Brief:
Look through the listing below for the line containing "Placid 45cm Round". Copy it and each line after it up to and including the line containing "USB-powered perpetual motion", exactly, leaving out pictures.

Supplied material:
____________
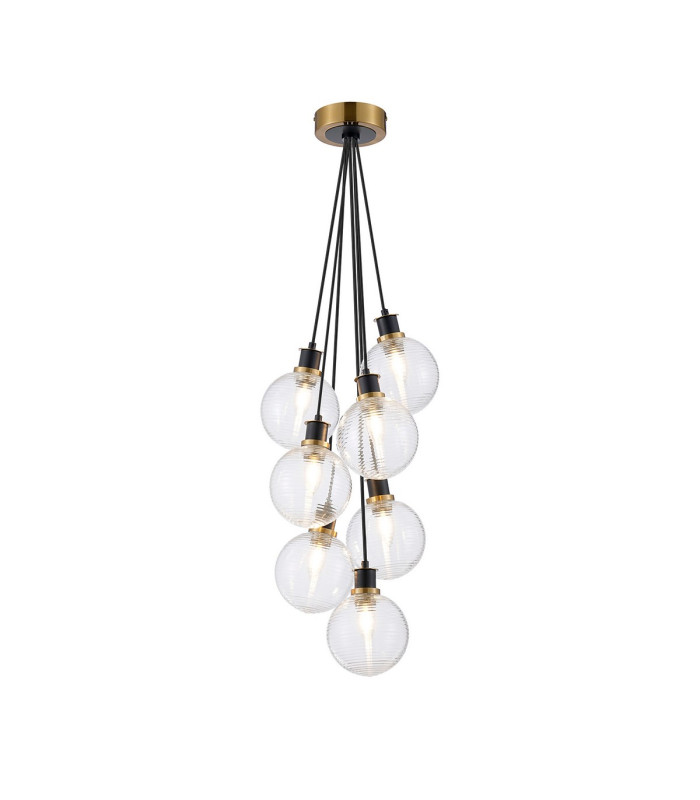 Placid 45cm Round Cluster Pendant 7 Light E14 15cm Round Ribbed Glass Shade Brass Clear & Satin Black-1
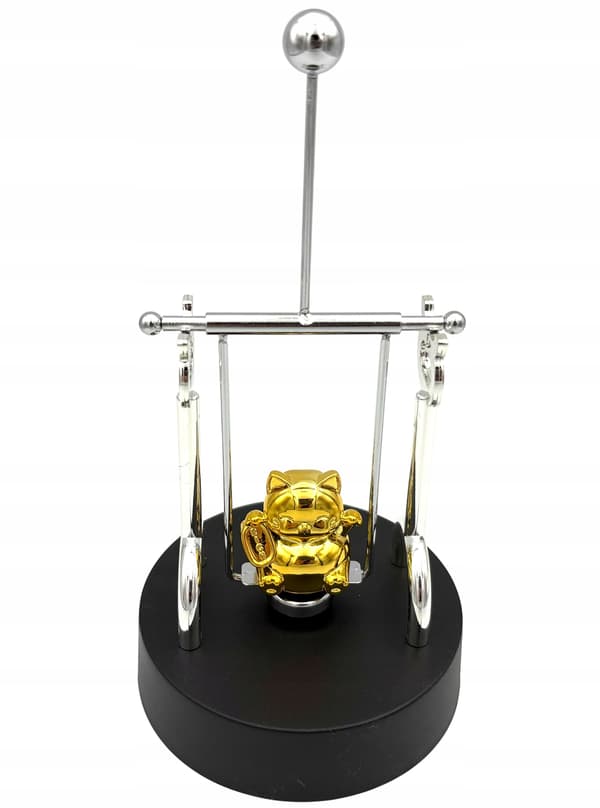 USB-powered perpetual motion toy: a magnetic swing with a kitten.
____________
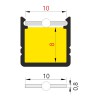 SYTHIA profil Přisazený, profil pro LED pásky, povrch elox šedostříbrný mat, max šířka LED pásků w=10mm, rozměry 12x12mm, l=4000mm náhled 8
____________
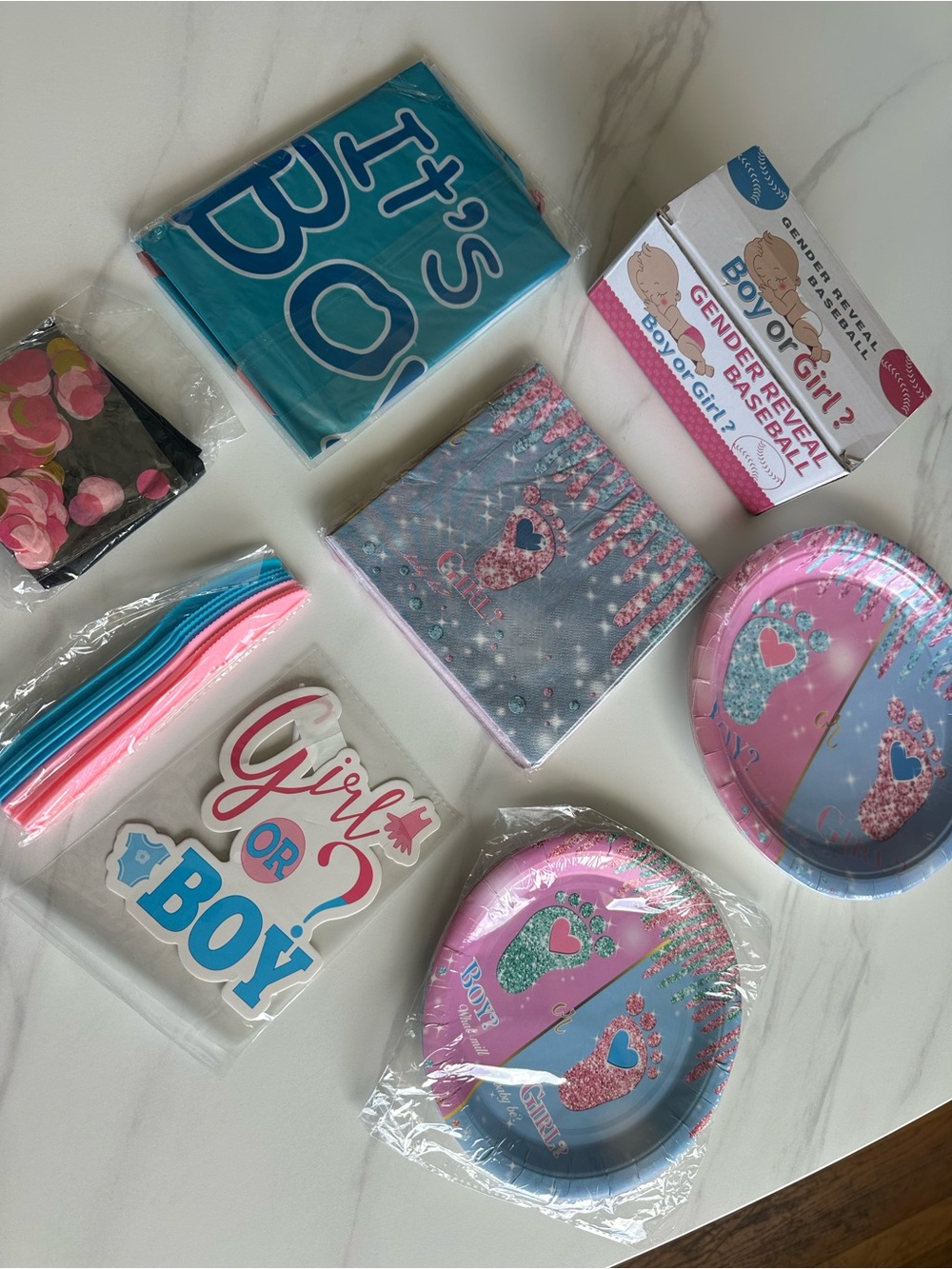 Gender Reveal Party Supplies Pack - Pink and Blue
____________
Response to the exercise:
 Placid 45cm Round Cluster Pendant 7 Light E14 15cm Round Ribbed Glass Shade Brass Clear & Satin Black-1
 USB-powered perpetual motion toy: a magnetic swing with a kitten.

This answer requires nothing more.